Information provided below:

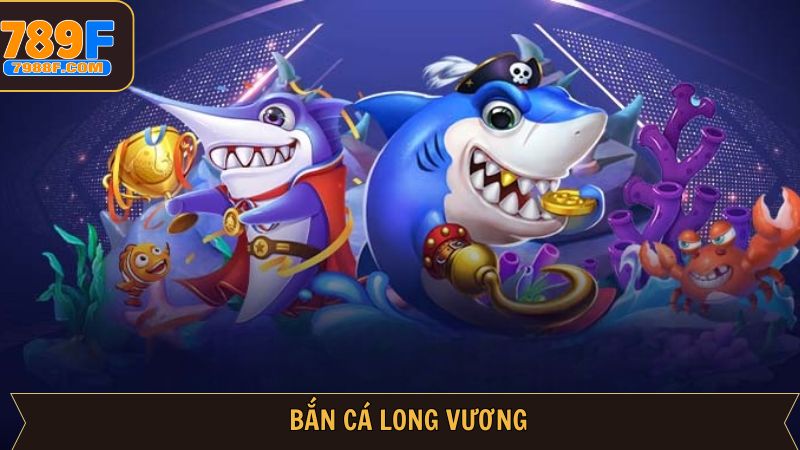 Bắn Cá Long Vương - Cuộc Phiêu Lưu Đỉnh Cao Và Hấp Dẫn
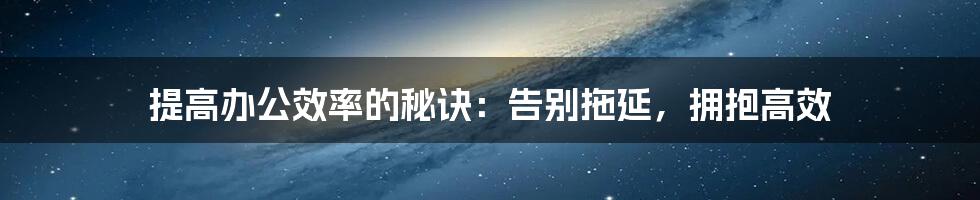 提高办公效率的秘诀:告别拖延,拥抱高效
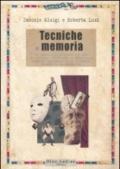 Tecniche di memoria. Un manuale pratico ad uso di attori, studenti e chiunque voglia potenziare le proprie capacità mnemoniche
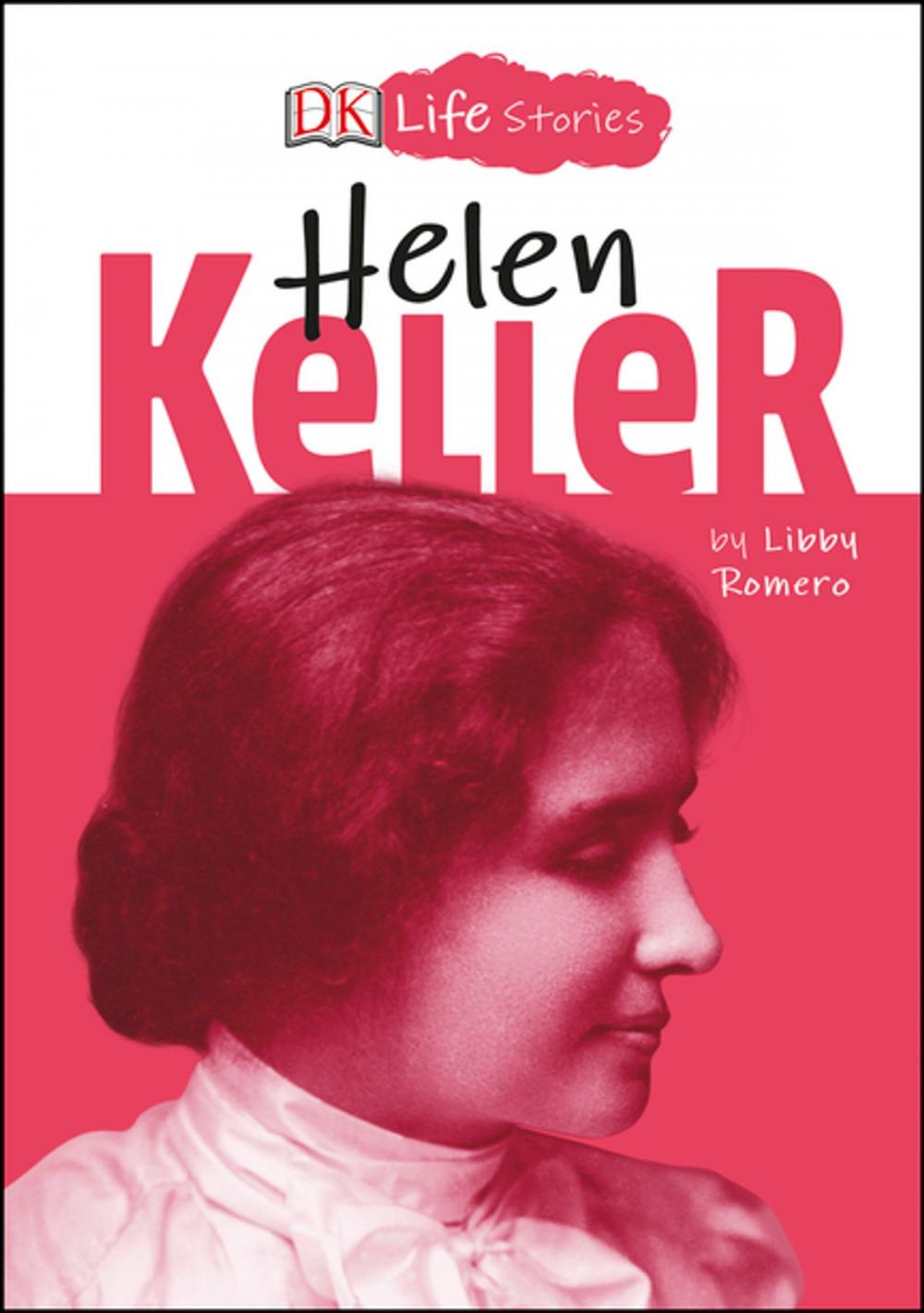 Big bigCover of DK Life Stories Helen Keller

End of Information provided.

> [Directions]:
Skip the pictures; extract only the lines from the line with "提高办公效率的秘诀:告别拖延,拥抱高效" through the final line of the material, exactly as they appear.

> [Exercise response]:
 提高办公效率的秘诀:告别拖延,拥抱高效
 Tecniche di memoria. Un manuale pratico ad uso di attori, studenti e chiunque voglia potenziare le proprie capacità mnemoniche
 Big bigCover of DK Life Stories Helen Keller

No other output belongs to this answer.